═══ Available data ═══

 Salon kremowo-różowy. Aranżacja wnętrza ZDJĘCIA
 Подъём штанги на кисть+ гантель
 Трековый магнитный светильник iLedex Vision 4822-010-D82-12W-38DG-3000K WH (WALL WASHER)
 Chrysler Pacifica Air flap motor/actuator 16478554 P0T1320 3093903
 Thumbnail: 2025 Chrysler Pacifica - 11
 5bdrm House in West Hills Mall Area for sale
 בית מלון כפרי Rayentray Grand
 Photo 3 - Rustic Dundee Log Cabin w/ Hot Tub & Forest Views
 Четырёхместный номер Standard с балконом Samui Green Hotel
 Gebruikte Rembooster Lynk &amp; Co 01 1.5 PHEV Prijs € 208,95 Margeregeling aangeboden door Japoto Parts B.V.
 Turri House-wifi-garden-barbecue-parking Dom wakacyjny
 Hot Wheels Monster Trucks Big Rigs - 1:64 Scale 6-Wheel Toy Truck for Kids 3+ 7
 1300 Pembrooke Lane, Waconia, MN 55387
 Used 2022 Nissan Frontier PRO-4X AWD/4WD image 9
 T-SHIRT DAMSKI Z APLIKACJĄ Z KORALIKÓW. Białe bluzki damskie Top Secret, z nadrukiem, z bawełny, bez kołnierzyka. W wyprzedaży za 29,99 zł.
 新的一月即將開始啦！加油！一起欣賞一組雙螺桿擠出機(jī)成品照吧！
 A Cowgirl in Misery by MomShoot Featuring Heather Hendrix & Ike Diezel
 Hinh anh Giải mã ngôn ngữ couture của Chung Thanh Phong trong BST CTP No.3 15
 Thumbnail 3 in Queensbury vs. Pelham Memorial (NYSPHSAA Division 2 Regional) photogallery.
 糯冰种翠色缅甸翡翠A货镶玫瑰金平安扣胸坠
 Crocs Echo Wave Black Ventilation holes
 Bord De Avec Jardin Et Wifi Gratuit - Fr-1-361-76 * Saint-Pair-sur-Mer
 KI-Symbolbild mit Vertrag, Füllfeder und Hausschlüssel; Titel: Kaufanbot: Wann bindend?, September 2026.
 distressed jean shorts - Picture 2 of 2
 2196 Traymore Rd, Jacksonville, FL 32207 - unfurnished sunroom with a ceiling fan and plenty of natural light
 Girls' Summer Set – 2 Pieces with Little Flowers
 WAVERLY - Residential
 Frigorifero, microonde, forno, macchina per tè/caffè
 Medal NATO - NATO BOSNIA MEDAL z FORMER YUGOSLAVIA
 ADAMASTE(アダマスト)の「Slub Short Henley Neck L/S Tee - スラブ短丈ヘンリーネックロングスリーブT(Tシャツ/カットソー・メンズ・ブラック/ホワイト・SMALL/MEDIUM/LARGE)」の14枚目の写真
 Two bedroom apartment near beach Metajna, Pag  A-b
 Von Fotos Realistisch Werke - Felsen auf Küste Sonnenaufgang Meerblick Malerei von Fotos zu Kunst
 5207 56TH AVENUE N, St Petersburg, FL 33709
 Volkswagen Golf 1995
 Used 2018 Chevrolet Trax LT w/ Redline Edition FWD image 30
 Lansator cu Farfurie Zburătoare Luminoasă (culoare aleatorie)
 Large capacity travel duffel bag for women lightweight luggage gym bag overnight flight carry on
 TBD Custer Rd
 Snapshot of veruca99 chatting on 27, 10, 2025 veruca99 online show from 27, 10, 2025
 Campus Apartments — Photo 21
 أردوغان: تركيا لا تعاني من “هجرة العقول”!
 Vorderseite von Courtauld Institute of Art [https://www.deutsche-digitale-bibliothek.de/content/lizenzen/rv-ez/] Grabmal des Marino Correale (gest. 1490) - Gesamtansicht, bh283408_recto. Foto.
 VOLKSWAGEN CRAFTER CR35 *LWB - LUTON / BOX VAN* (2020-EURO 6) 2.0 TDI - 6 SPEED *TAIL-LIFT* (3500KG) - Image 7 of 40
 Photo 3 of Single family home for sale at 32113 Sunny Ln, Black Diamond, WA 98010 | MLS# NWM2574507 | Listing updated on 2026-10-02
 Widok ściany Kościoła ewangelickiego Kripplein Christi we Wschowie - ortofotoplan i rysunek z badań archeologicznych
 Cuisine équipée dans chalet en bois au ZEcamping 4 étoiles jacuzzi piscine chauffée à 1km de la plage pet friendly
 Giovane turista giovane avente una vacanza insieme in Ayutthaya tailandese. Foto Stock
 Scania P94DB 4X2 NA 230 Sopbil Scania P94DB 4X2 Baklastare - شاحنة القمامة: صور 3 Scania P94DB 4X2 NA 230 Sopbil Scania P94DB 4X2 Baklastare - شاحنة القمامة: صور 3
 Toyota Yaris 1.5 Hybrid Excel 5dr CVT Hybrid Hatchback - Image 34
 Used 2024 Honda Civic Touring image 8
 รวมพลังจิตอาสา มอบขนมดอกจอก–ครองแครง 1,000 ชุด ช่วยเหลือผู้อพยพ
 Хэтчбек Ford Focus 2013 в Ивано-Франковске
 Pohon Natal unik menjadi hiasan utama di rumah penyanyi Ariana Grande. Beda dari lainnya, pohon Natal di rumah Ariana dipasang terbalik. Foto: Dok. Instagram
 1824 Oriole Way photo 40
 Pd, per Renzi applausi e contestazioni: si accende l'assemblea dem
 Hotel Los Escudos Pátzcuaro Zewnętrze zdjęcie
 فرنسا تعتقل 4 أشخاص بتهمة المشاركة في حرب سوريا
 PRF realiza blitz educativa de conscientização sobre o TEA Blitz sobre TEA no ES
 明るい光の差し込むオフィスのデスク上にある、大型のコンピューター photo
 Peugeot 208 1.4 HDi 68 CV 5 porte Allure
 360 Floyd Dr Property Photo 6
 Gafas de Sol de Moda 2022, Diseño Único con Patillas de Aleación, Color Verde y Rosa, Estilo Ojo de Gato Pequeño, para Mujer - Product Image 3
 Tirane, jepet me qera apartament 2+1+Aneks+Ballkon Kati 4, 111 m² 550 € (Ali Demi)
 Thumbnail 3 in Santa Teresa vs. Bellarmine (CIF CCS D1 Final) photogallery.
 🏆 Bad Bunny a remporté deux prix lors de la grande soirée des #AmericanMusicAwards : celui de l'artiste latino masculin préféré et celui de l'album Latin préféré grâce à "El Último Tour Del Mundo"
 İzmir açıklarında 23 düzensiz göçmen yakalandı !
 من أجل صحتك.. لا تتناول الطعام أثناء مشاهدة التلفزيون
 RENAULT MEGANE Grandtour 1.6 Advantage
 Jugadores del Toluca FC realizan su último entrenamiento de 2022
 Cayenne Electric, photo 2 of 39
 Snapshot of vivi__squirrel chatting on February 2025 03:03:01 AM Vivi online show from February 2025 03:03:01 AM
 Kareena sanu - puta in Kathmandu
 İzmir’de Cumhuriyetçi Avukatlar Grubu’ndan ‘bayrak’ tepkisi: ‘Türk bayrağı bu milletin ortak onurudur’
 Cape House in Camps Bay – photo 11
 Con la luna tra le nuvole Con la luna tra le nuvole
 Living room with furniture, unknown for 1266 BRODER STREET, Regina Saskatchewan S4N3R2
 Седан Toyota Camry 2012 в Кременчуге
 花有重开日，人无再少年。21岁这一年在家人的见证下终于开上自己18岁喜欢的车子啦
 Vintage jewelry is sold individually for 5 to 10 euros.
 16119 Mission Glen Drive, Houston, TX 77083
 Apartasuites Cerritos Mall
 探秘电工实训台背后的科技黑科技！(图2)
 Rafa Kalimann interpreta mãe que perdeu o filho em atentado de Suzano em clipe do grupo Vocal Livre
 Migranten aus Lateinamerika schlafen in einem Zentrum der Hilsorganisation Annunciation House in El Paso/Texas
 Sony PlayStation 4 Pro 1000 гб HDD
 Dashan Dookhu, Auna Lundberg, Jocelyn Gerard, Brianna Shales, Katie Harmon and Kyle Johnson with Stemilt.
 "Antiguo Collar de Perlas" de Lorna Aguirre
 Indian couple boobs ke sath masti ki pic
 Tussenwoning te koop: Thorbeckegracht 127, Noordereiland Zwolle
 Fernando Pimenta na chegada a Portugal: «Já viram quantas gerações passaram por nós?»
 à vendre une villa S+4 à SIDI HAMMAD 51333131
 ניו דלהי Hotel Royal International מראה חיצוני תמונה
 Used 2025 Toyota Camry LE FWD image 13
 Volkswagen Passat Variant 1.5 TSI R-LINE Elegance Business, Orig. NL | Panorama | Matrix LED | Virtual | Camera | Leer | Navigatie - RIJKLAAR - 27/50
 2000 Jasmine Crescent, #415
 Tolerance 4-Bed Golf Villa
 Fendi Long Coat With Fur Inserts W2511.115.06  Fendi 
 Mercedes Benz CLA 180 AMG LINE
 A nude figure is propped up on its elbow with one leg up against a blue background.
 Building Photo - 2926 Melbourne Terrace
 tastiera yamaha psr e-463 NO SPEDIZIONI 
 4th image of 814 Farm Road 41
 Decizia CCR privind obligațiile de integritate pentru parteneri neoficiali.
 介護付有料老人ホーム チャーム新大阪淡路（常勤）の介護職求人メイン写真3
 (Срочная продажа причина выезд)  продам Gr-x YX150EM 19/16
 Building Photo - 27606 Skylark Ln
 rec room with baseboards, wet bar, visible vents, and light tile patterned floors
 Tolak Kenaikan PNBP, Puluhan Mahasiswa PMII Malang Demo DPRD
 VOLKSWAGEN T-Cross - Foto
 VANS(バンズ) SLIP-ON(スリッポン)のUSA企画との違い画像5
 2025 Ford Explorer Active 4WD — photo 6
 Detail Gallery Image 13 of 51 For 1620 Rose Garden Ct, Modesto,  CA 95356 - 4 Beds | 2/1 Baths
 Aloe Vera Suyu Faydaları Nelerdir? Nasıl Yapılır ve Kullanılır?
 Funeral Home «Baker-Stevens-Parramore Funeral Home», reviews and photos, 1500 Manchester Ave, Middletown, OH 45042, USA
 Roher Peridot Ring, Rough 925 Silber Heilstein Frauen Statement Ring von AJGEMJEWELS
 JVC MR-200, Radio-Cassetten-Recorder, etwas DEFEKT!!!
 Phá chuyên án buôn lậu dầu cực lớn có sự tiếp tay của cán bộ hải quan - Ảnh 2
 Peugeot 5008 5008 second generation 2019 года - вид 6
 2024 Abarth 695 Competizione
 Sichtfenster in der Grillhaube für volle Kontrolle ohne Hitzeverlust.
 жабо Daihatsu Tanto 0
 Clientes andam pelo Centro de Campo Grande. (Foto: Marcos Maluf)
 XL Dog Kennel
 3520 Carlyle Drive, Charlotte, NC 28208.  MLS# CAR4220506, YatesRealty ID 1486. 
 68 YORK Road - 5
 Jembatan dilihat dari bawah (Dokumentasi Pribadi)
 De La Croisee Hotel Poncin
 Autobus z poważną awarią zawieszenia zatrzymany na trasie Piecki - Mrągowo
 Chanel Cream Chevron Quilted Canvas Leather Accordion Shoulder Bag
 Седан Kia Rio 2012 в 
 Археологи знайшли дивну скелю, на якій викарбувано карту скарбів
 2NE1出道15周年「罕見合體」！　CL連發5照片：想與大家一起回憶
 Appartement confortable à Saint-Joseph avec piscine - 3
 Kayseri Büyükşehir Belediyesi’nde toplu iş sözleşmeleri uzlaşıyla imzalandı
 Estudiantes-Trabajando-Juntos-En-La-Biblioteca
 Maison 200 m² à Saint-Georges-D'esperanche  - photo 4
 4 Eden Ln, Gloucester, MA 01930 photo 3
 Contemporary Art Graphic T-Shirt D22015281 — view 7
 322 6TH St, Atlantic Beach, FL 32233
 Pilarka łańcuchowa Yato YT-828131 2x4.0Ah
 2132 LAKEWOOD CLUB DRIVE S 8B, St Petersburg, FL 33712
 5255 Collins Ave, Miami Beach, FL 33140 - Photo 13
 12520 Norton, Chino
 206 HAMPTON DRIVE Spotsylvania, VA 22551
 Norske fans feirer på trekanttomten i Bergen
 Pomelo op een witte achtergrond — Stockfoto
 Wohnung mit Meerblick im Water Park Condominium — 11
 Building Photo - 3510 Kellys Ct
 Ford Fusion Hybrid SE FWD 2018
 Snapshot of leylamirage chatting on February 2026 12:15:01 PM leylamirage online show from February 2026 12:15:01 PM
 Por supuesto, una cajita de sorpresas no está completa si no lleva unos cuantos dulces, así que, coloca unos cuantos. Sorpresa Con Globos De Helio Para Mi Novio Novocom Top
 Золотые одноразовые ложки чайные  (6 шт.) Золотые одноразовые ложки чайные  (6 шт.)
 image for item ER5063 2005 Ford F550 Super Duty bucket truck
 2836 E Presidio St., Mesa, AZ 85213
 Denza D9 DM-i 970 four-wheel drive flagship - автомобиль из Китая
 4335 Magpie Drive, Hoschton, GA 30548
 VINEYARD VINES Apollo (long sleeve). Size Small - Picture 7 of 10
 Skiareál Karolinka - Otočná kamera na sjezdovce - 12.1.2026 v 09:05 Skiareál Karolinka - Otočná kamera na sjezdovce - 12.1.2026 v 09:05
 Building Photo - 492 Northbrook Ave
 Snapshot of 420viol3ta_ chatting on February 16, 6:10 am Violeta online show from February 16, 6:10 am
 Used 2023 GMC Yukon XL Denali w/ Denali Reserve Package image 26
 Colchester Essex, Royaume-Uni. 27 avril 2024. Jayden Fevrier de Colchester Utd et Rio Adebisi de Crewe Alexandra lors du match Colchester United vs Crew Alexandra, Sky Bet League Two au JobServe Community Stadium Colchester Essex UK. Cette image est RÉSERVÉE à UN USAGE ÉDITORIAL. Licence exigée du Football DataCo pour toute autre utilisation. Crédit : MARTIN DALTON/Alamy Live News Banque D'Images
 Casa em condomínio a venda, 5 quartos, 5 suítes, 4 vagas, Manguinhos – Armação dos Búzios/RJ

═══

• **Task directions**
Begin at the line that has "Crocs Echo Wave Black Ventilation holes" in the entries above; stop after the line that has "Medal NATO - NATO". Transcribe exactly those lines and no others.

• **Exercise solution**
 Crocs Echo Wave Black Ventilation holes
 Bord De Avec Jardin Et Wifi Gratuit - Fr-1-361-76 * Saint-Pair-sur-Mer
 KI-Symbolbild mit Vertrag, Füllfeder und Hausschlüssel; Titel: Kaufanbot: Wann bindend?, September 2026.
 distressed jean shorts - Picture 2 of 2
 2196 Traymore Rd, Jacksonville, FL 32207 - unfurnished sunroom with a ceiling fan and plenty of natural light
 Girls' Summer Set – 2 Pieces with Little Flowers
 WAVERLY - Residential
 Frigorifero, microonde, forno, macchina per tè/caffè
 Medal NATO - NATO BOSNIA MEDAL z FORMER YUGOSLAVIA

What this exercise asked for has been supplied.